_Exercise goal_
A word-for-word copy of the records below is required.

_Task data_
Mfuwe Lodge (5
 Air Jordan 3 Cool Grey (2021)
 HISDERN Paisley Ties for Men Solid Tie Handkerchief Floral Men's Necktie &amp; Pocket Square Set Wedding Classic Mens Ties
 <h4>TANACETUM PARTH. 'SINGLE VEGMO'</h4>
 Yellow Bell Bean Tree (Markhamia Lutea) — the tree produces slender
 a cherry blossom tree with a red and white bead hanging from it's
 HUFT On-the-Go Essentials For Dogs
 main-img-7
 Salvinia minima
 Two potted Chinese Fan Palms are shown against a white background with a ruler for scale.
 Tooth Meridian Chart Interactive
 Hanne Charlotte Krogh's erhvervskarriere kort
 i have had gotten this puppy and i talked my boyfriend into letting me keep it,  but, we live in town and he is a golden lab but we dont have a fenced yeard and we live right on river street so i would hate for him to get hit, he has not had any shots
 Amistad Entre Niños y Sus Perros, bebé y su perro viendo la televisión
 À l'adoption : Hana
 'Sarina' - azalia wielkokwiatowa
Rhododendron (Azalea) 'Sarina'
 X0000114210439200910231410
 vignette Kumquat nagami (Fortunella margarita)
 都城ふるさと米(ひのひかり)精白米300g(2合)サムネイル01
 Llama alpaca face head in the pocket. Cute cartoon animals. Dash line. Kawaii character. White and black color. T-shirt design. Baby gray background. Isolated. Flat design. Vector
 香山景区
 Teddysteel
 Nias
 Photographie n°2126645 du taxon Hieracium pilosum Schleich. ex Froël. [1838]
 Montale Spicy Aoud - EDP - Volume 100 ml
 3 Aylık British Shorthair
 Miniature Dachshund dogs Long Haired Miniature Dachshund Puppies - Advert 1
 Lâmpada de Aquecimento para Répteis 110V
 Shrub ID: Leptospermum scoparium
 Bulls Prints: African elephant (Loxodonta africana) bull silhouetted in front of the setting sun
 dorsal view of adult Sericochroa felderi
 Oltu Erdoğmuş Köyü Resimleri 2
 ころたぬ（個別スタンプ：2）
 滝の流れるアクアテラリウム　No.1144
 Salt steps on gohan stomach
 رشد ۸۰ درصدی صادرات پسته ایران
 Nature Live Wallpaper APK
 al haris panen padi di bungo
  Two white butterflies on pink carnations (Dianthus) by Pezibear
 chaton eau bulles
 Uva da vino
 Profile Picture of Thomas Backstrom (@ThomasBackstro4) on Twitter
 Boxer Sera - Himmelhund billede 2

_Answer to this problem_
Mfuwe Lodge (5
 Air Jordan 3 Cool Grey (2021)
 HISDERN Paisley Ties for Men Solid Tie Handkerchief Floral Men's Necktie &amp; Pocket Square Set Wedding Classic Mens Ties
 <h4>TANACETUM PARTH. 'SINGLE VEGMO'</h4>
 Yellow Bell Bean Tree (Markhamia Lutea) — the tree produces slender
 a cherry blossom tree with a red and white bead hanging from it's
 HUFT On-the-Go Essentials For Dogs
 main-img-7
 Salvinia minima
 Two potted Chinese Fan Palms are shown against a white background with a ruler for scale.
 Tooth Meridian Chart Interactive
 Hanne Charlotte Krogh's erhvervskarriere kort
 i have had gotten this puppy and i talked my boyfriend into letting me keep it,  but, we live in town and he is a golden lab but we dont have a fenced yeard and we live right on river street so i would hate for him to get hit, he has not had any shots
 Amistad Entre Niños y Sus Perros, bebé y su perro viendo la televisión
 À l'adoption : Hana
 'Sarina' - azalia wielkokwiatowa
Rhododendron (Azalea) 'Sarina'
 X0000114210439200910231410
 vignette Kumquat nagami (Fortunella margarita)
 都城ふるさと米(ひのひかり)精白米300g(2合)サムネイル01
 Llama alpaca face head in the pocket. Cute cartoon animals. Dash line. Kawaii character. White and black color. T-shirt design. Baby gray background. Isolated. Flat design. Vector
 香山景区
 Teddysteel
 Nias
 Photographie n°2126645 du taxon Hieracium pilosum Schleich. ex Froël. [1838]
 Montale Spicy Aoud - EDP - Volume 100 ml
 3 Aylık British Shorthair
 Miniature Dachshund dogs Long Haired Miniature Dachshund Puppies - Advert 1
 Lâmpada de Aquecimento para Répteis 110V
 Shrub ID: Leptospermum scoparium
 Bulls Prints: African elephant (Loxodonta africana) bull silhouetted in front of the setting sun
 dorsal view of adult Sericochroa felderi
 Oltu Erdoğmuş Köyü Resimleri 2
 ころたぬ（個別スタンプ：2）
 滝の流れるアクアテラリウム　No.1144
 Salt steps on gohan stomach
 رشد ۸۰ درصدی صادرات پسته ایران
 Nature Live Wallpaper APK
 al haris panen padi di bungo
  Two white butterflies on pink carnations (Dianthus) by Pezibear
 chaton eau bulles
 Uva da vino
 Profile Picture of Thomas Backstrom (@ThomasBackstro4) on Twitter
 Boxer Sera - Himmelhund billede 2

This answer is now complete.